I licked my lips as she expertly brought me to new heights. It did not take long. Two days and nights of fantasizing about her was enough to set me off. I grit my teeth and groaned into her hair, her soft, fragrant, straight brown hair. I knew I was a mess inside my pants, but I did not care. My t-shirt, my dress shirt, pants and suit coat would hide our crime.

I was perspiring and blissful as we stepped off

the commuter rail and walked slowly to her subway station in Grand Central. We were quiet. We had no words for what just happened and neither of us wanted it to get weird now.

Erin was the adult for both of us. She reached up and gave me a quick peck on the cheek, like normal, and wished me a good day. She turned and walked quickly to her train and I walked to my office in a daze.

Later, at lunch time:

ME: Thank you, Erin.

ERIN: ;)

ME: I mean it. You made an old man very very happy today.

ERIN: Not so old.

ME: Okay then. You made a dirty old man very very happy.

ERIN: not so dirty...:) well...maybe a bit sticky.

ME: Ha ha. Very funny.

ERIN: It's what my major is. Being funny.

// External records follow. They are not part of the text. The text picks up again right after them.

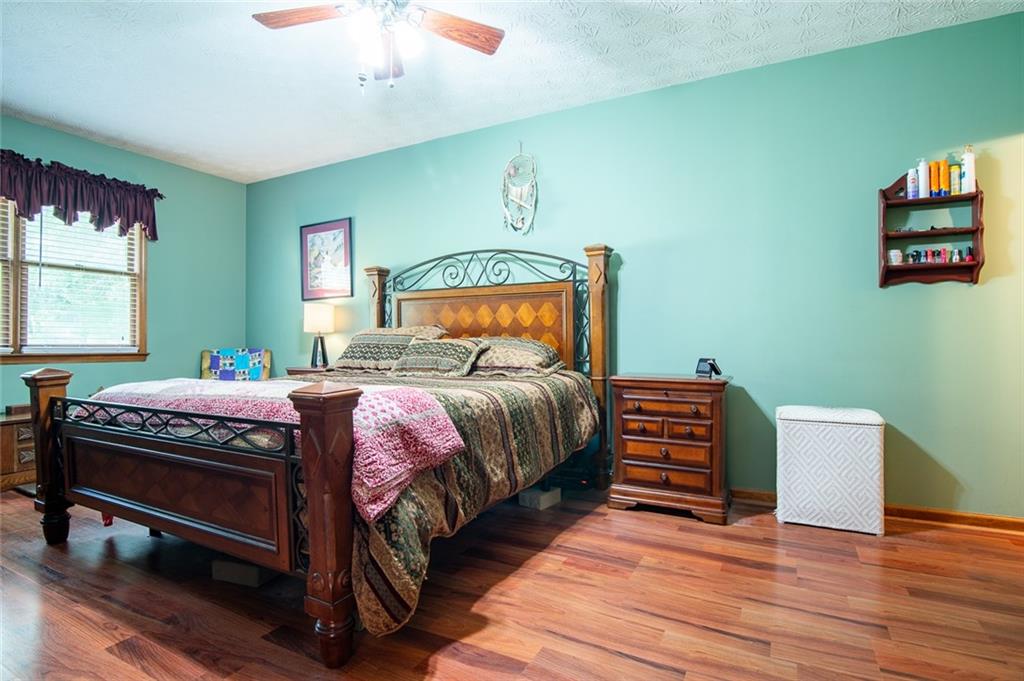 2966 Riviera Drive Conyers, GA 30012 - Photo 17 of 63 a bedroom with a bed and a window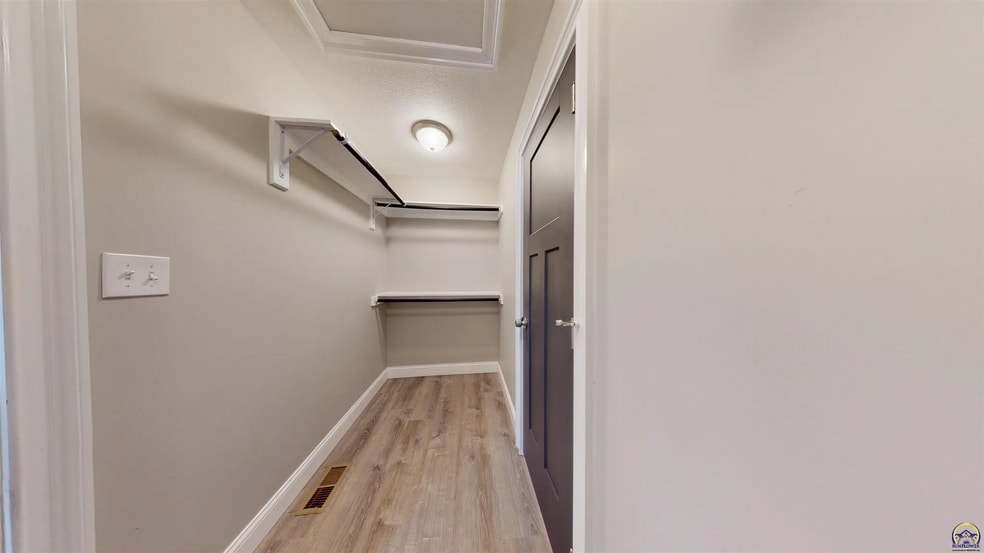 Primary Bedroom walk in closet - 3755 SW Summerfield Dr
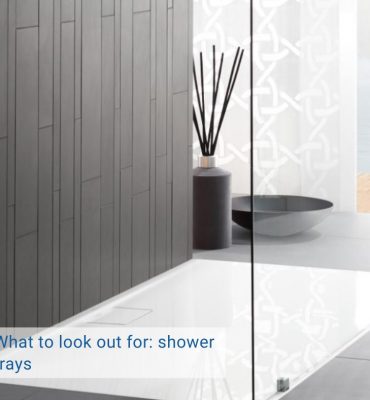 blog cover What to look out for: shower tray. White shower tray on a gray background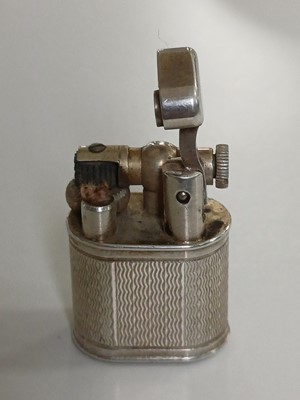 Lot 10 - DUNHILL - A 'Baby Sylph' silver-plated engine turned miniature lighter.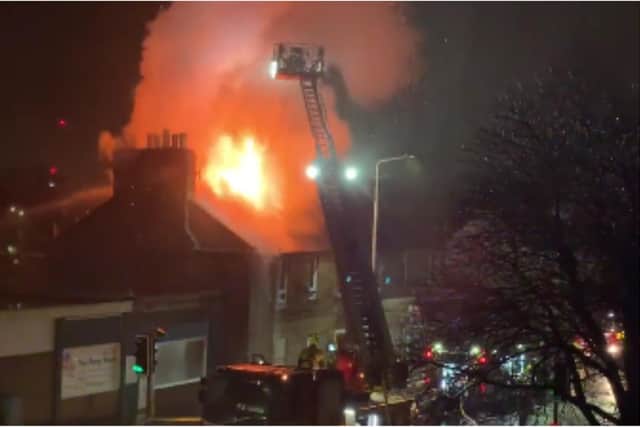 The Scottish Fire and Rescue Service (SFRS) deployed three vehicles and a height appliance to Longstone Road in Edinburgh.
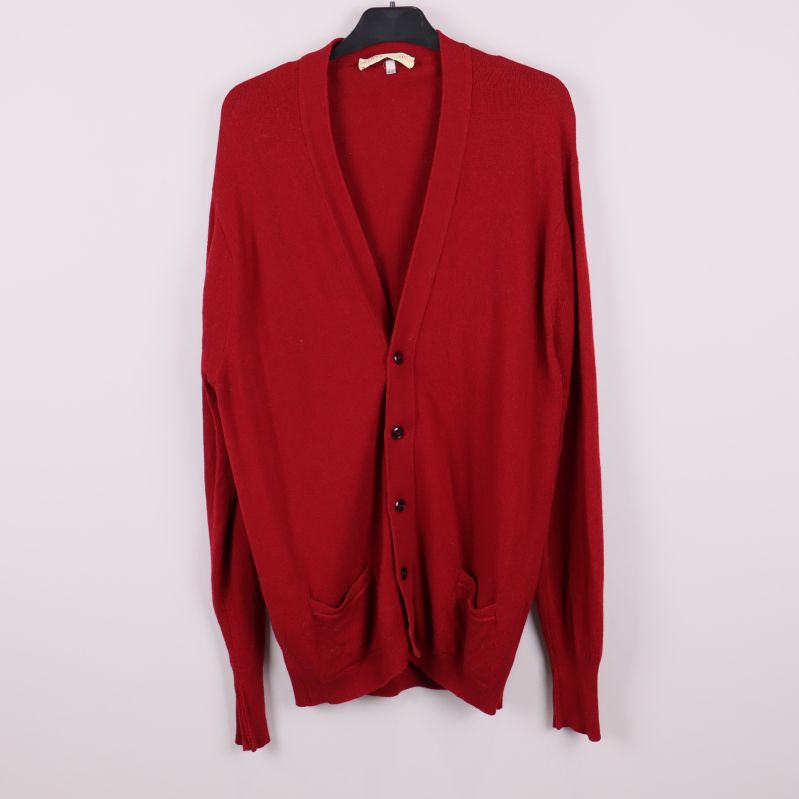 Röd stickad kofta på galge med knappar framtill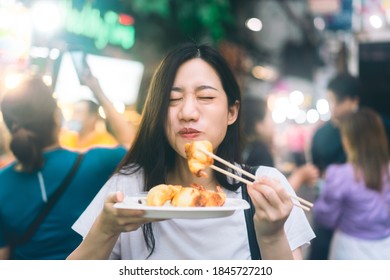 Poeple Travel And Eating Street Food Concept. Happy Young Adult Asian Foodie Woman Holding Gyoza At Chinatown Yaowarat Market, Bangkok, Thailand.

ME: You have a master's degree in being beautiful and sexy and ...everything else!

ERIN: Thanks Daddy ;)

ME: no..thank YOU! See you tonight.

Dinner with Janet and seeing Erin back at home was so painfully normal and plain and usual. It made me shiver inside, knowing what we had shared. We had cheated on Janet, my wife, her mother! Well, we hadn't gone all the way, but it was still very wrong. So why was my mind occupied by nothing else? Why did I think of nothing but what the next day would bring?

So Friday came and Erin was dressed very appropriately in a yellow flower print dress. I told her so.

"It's not that what you were all week was inappropriate, but this dress, hon, really brings out your beautiful brown eyes and your flawless skin. I'm serious."

"Thanks, Daddy," she beamed.

We kissed Janet goodbye and I could tell we both anticipated today's ride. I stared down at her sun dress, watching the slow and steady heave of her young pert breasts as we stared at each other for a long time. She stood facing me and my hands crept up to her waist. I pulled her close and she smiled slightly. Then, her hands were slowly working my zipper. I swallowed as I felt one of her small hands go inside of my pants and start to feel the blood-engorged snake inside.

We remained staring into each other's eyes as she brought me to another glorious and euphoric ending.

When we got to her subway station, she reached up and this time kissed me softly on the lips. It was still an all-too brief and chaste kiss, yet it was on the lips, a kiss we had never shared. So soft, so intimate, so much feeling and meaning behind it.